::: Task data :::

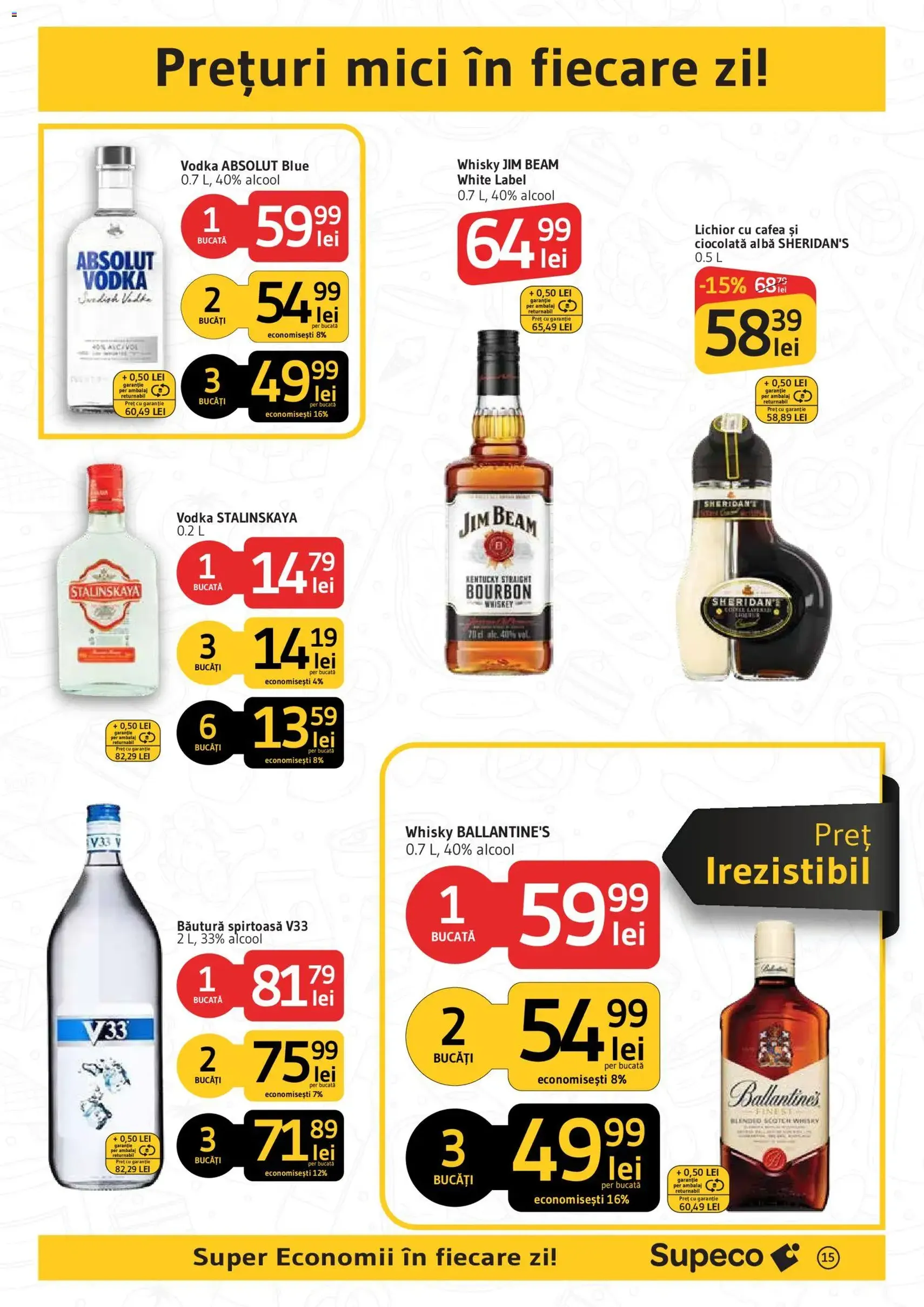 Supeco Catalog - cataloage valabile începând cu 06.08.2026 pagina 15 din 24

:::
::: Task data :::

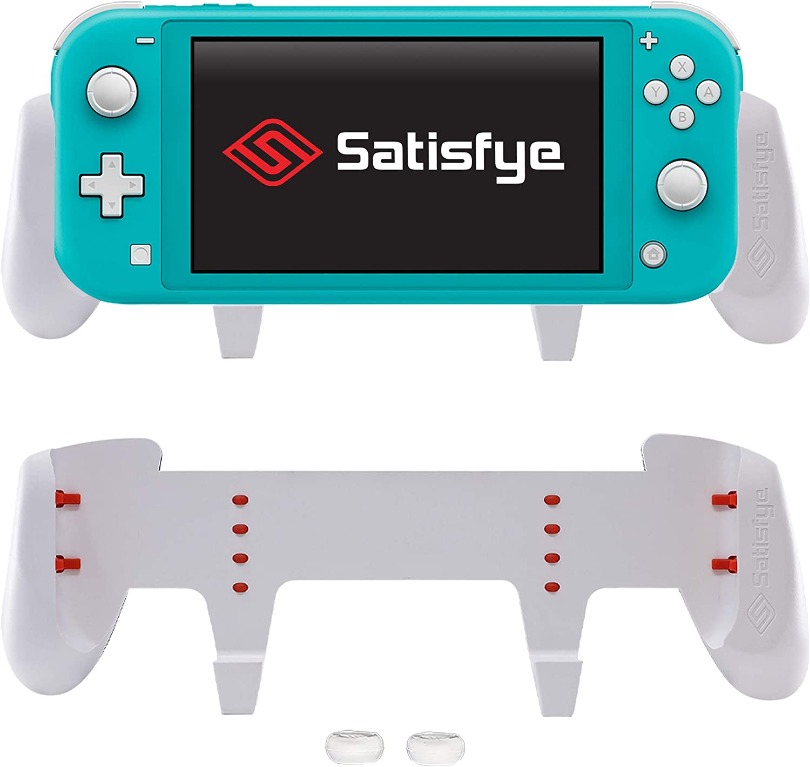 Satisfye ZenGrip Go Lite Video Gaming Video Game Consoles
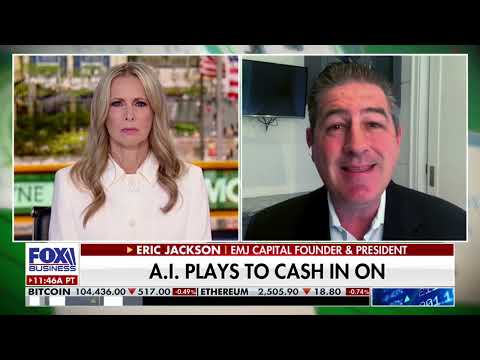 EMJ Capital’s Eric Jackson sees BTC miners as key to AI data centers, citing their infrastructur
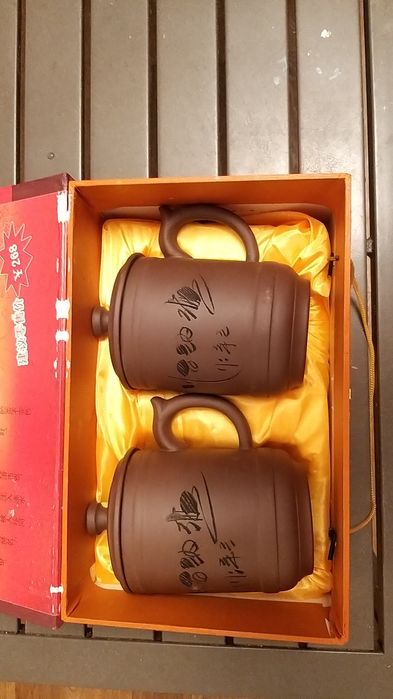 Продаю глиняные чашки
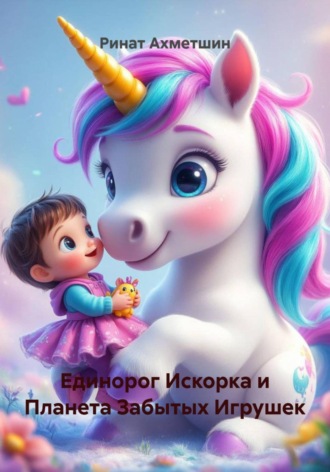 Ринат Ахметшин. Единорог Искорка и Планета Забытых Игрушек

:::

**What you should do**
For this exercise, return exactly the lines above from the line with "Satisfye ZenGrip Go" through the line with "Ринат Ахметшин. Единорог", both included. Do not copy the pictures.

**Finished task**
 Satisfye ZenGrip Go Lite Video Gaming Video Game Consoles
 EMJ Capital’s Eric Jackson sees BTC miners as key to AI data centers, citing their infrastructur
 Продаю глиняные чашки
 Ринат Ахметшин. Единорог Искорка и Планета Забытых Игрушек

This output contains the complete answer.